Discover Mid-America — May 2006

The conceptual aspect
of antiques

by Bruce Rodgers, Editor/Publisher

Last month’s cover story, “Shabby Chic and Primitives, Beauty captured in imperfection,” and this month’s cover story “Antiques in My Garden” — both by Blue Springs, MO writer Terri Baumgardner — seem to have struck a cord with a few of our advertisers.

If one considers more than just the history and value of a single antique item, then it’s not surprising that her writing drew attention. Both articles, which were her editorial ideas, go beyond viewing an antique piece as only contained within itself.

I’m going to take a leap here: Let me suggest that looking at antiques as separate items, with a history and value, is more of a masculine approach. Many men view a thing as within itself, embellished with facts about where it came from or how it was made, speculation as to whom may have owned it, and a notion what it may be worth now and in the future.

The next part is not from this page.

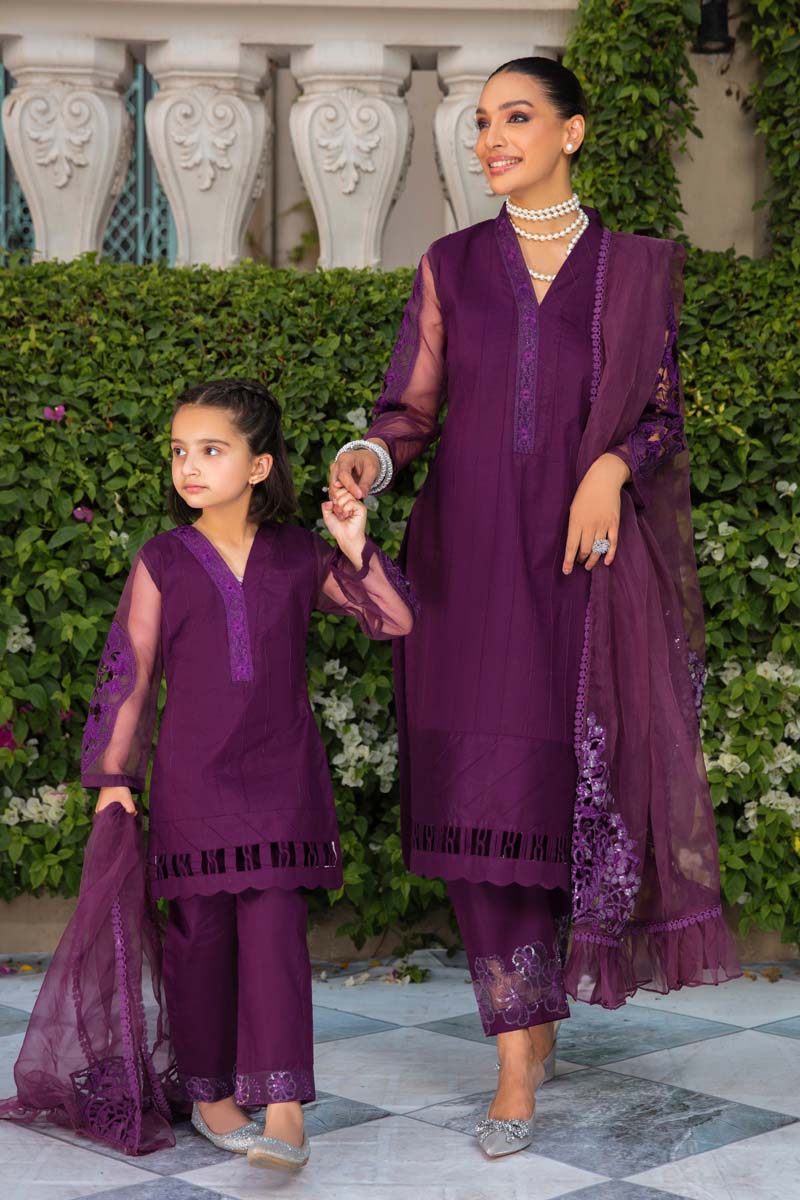 Ivana Luxury Lawn Mummy & Me Girls Purple Outfit PL02K - Desi Posh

Women, on the other hand — a majority of our readers and many shop owners and mall managers, I may add — can take a single item and seek to place it in a larger context. That view begins with the subjective, determining a thing’s beauty in the viewer’s mind.

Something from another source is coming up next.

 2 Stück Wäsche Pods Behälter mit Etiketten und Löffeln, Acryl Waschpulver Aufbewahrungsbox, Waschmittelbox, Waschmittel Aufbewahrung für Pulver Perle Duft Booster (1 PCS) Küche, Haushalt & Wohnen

The beauty of an antique may be strikingly evident at first glance. Or it could be that the beauty has to be coaxed out somewhat. Bringing that beauty out means placement within an environment — with other antiques or not — that can reveal a concept. That concept, whether defined or not, is what decorating your home or garden with antiques is all about.

Where men may situate an antique in full view as a sort of trophy to talk about, women bring an object into the environment as a fixture of beauty among other things of beauty. Call it interior design, if you like.

But as Rebecca Connolly notes in her article for HomeWorks Sourcebook (www.homeworkssourcebook.com), “Antiquing is as intuitive as any art…that decorating with antiques often relies more on love-at-first-sight obsessions rather than calculated research and documented pedigree.”

She has a point. Some of the most warm and inviting shops or booths in malls were not built to a calculated design. Some, as in one’s home, which Connolly notes should “not be viewed like a museum,” show an evolution of décor. As Connolly writes, antiques are “pursued and discovered” in comparison to the instant shopping convenience in mass-marketed home furnishings catalogs.

Decorating with antiques should be an achievement of finding comfort through creativity, where the appeal of your surroundings reflects your taste and creative priorities.

Being conceptual with antiques in designing one’s home or shop environment is more easily experienced once completed than writing about as a guide to make it happen. Still, we have other ideas concerning what can be called “decorating with antiques” that we hope Baumgardner will research and write about for Discover.

Meanwhile, we welcome your ideas, as always.